*Exercise objective:*
The reply should hold only the lines from the one with "相约梨峪口 一起过椿节丨山东省淄博市第三届香椿文化旅游节举办" to the one with "Springbrook National Park", both ends kept, exactly as they appear below, without any pictures.

(Data for analysis)

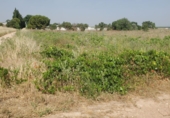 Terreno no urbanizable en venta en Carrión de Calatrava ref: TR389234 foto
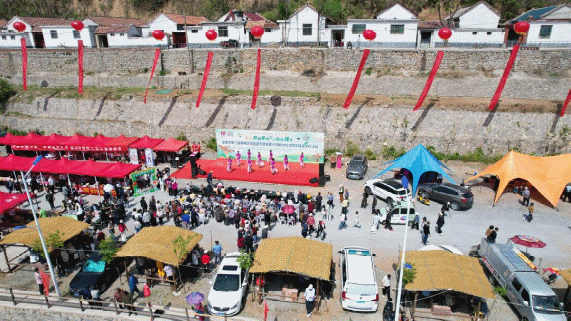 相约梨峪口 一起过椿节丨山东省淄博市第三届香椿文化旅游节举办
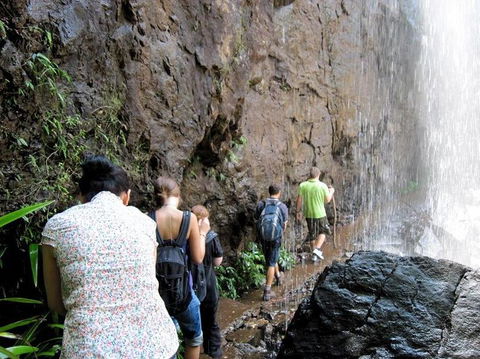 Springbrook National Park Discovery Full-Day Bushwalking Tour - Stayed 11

(End Data for analysis)
(Data for analysis)

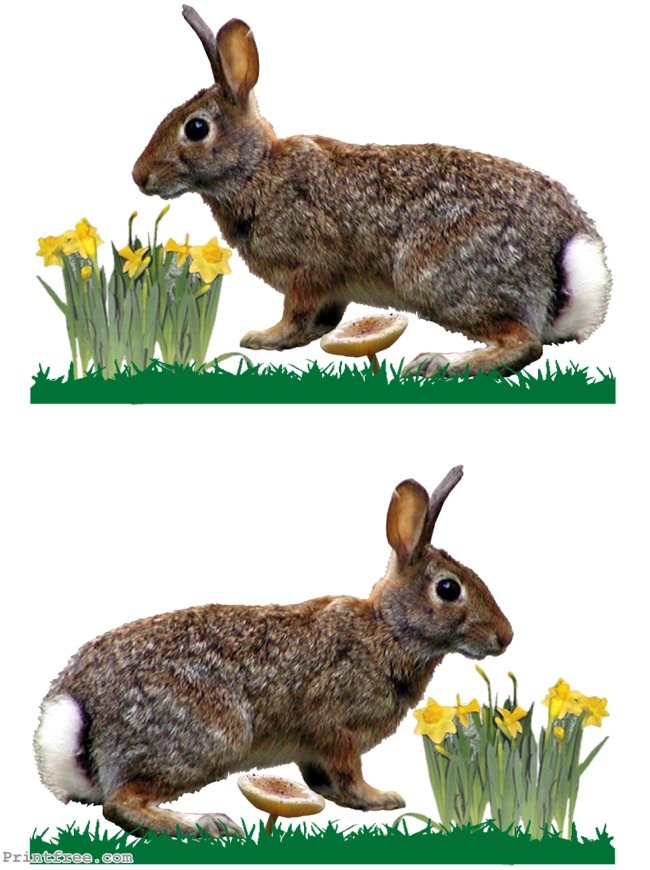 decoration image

(End Data for analysis)
(Data for analysis)

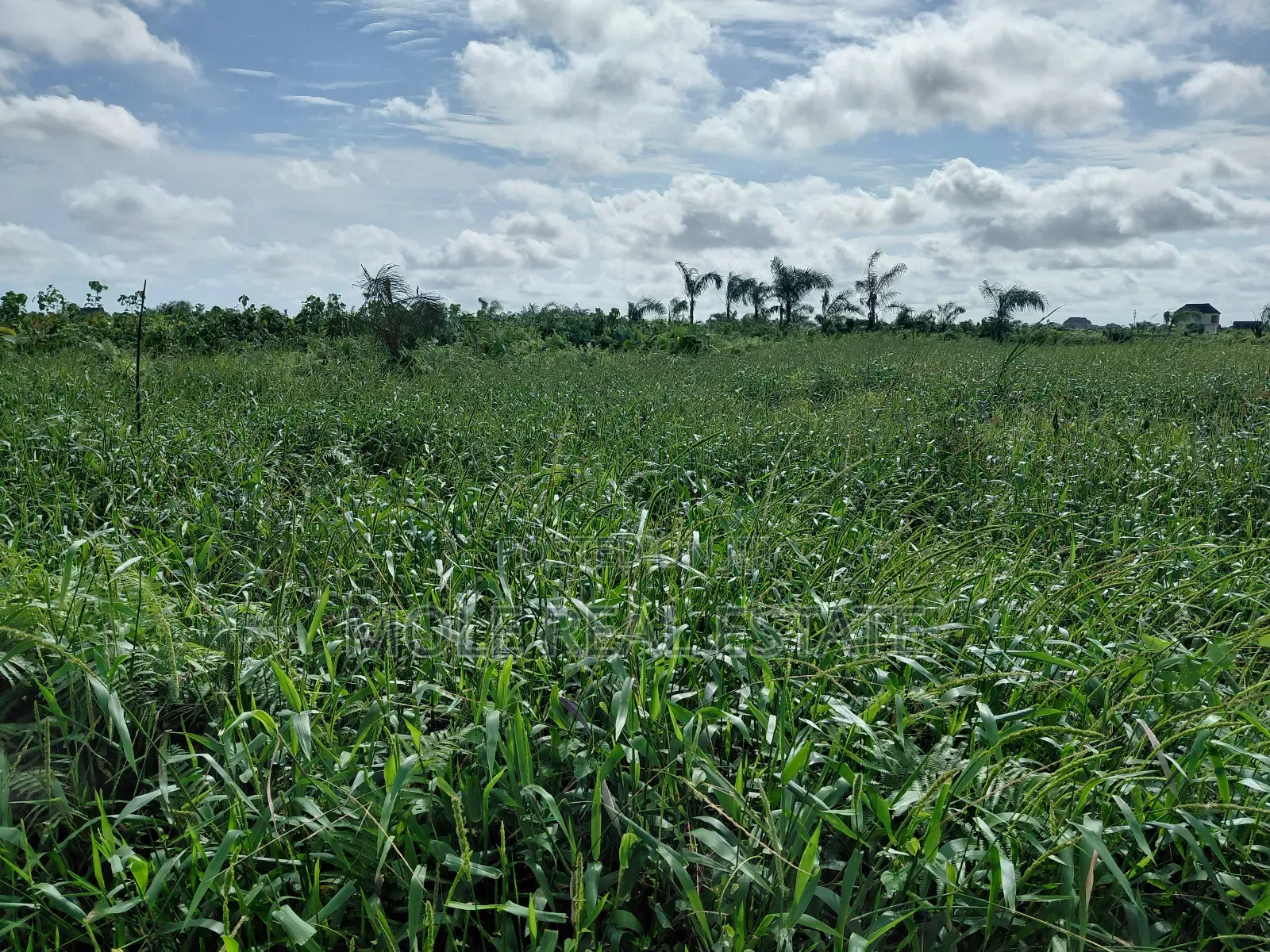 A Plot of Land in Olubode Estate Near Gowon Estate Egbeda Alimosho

(End Data for analysis)

*Answer to this problem:*
 相约梨峪口 一起过椿节丨山东省淄博市第三届香椿文化旅游节举办
 Springbrook National Park Discovery Full-Day Bushwalking Tour - Stayed 11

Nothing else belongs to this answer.